This Sunday was so far the bloodiest day for children since the beginning of the year, when seven children were caught up in the violence that is unfortunately a routine activity in the city.
“When will the killings stop?” cried Khalid, the father, as he showed the wide lane where the child was shot in broad daylight. The boy was playing tag with his cousins just across his apartment building when firing started by unknown people and a bullet hit him on his head. “Dozens of people are killed every day, and now the criminals are after children. What was my son’s fault?”
Mubasher’s cousin, Sheheryar, was so terrified that he contracted fever. “When we heard the gunfire, we thought it was firecracker at first. But then we saw blood coming out from his head and started screaming.”

Inside Mubasher’s house, his mother Afshan clutched his blood stained jeans and blue shirt, sobbing and repeating. “Bring my child back.” A teary-eyed Khalid, a city government employee, said that his eldest child wanted to be a doctor. “When my mother was paralysed, Mubasher would say to her that he would cure her by becoming a doctor. He was a simple boy. He loved to watch Tom and Jerry and play cricket.”
Apart from Mubasher’s killing by a stray bullet, a toddler came in the midst of a target killing in New Karachi. Two-and-half-year-old Hammad came in the midst of a political killing when he was playing outside at night. He came under fire when a political activist of Sunni Tehreek was shot at.
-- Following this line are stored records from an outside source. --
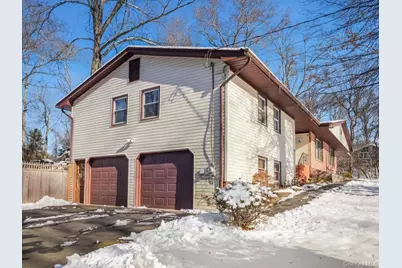 61 Rolling Ridge Road, New City, NY 10956 - Photo 3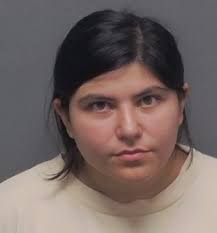 Bexar County Sheriff's...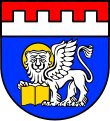 Wiersdorf (Eifel)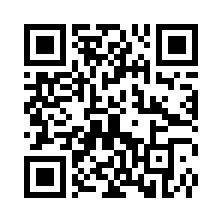 QR Code for 1GhPATPCknusr5Q13n1iZPFaWYggg81Uh8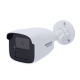 HWI-B440H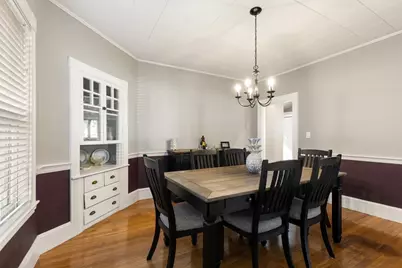 5 Walnut St, Wakefield, MA 01880 - Photo 17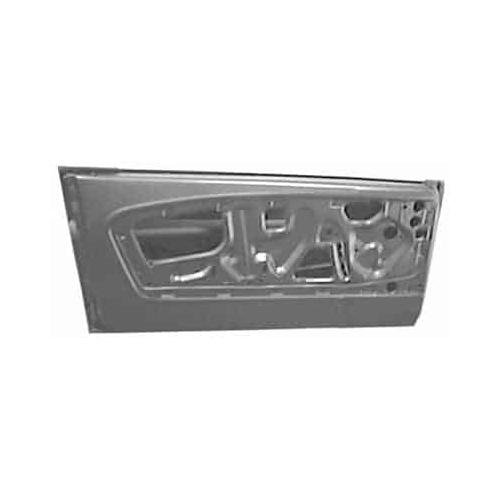 Driver Side Door Shell 1964-1966 Ford Mustang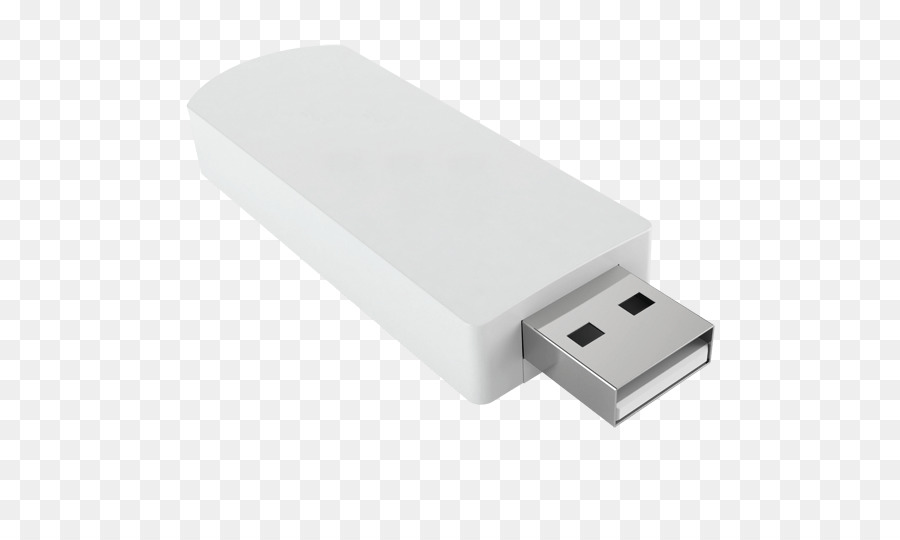 Unidade Flash Usb，Armazenar PNG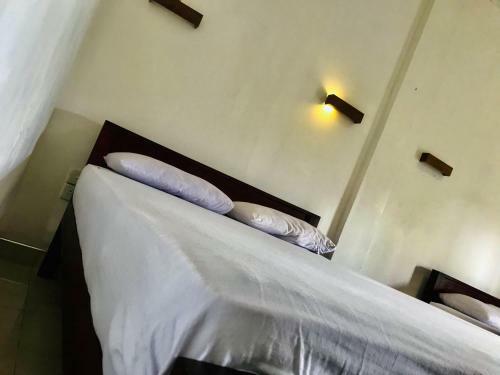 Hostal Peacock Vista Guest House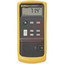 FLUKE-714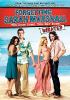 Go to record Forgetting Sarah Marshall = Oublie Sarah Marshall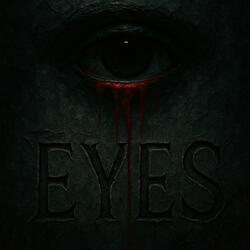 Eyes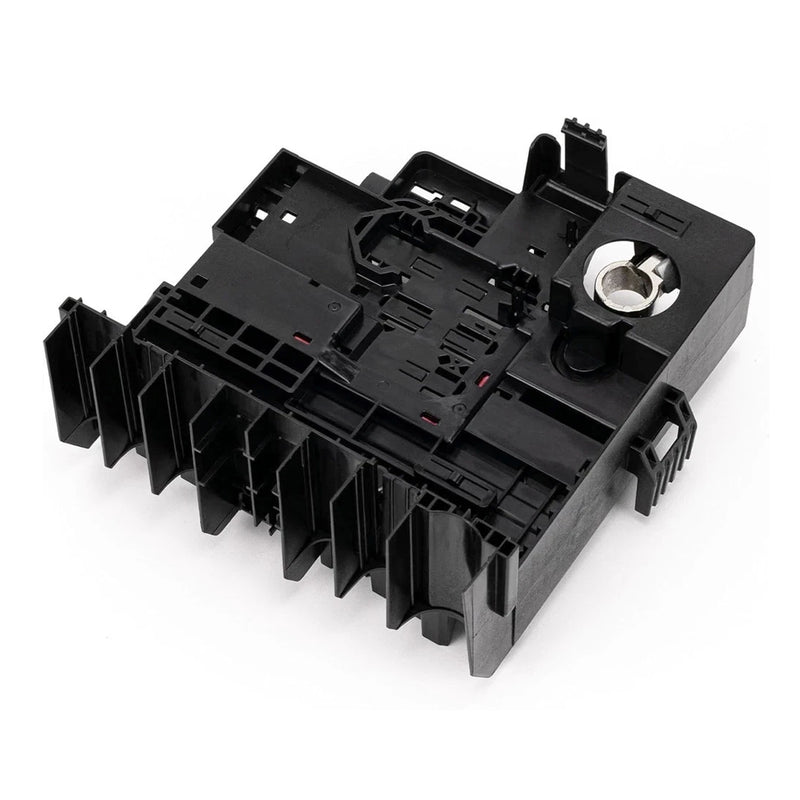 Chevy Tahoe 2021-2025 84646133 Battery Distribution Fuse Block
Critically shot, the toddler is now battling for survival at Aga Khan hospital.
In Mianwali Colony, a brawl between Christians led to the injuries of six boys, who were hit by pellets. Khurram, a resident, said that the children were treated at Abbasi Shaheed Hospital and were safely home. “It was sad that people are becoming so violent that they are now targeting young children. No child is safe now.”
Last year according to the Human Rights Commission of Pakistan 2012, 12 children became victims of target killings and 22 were killed by stray bullets.
Published in The Express Tribune, January 29th, 2013.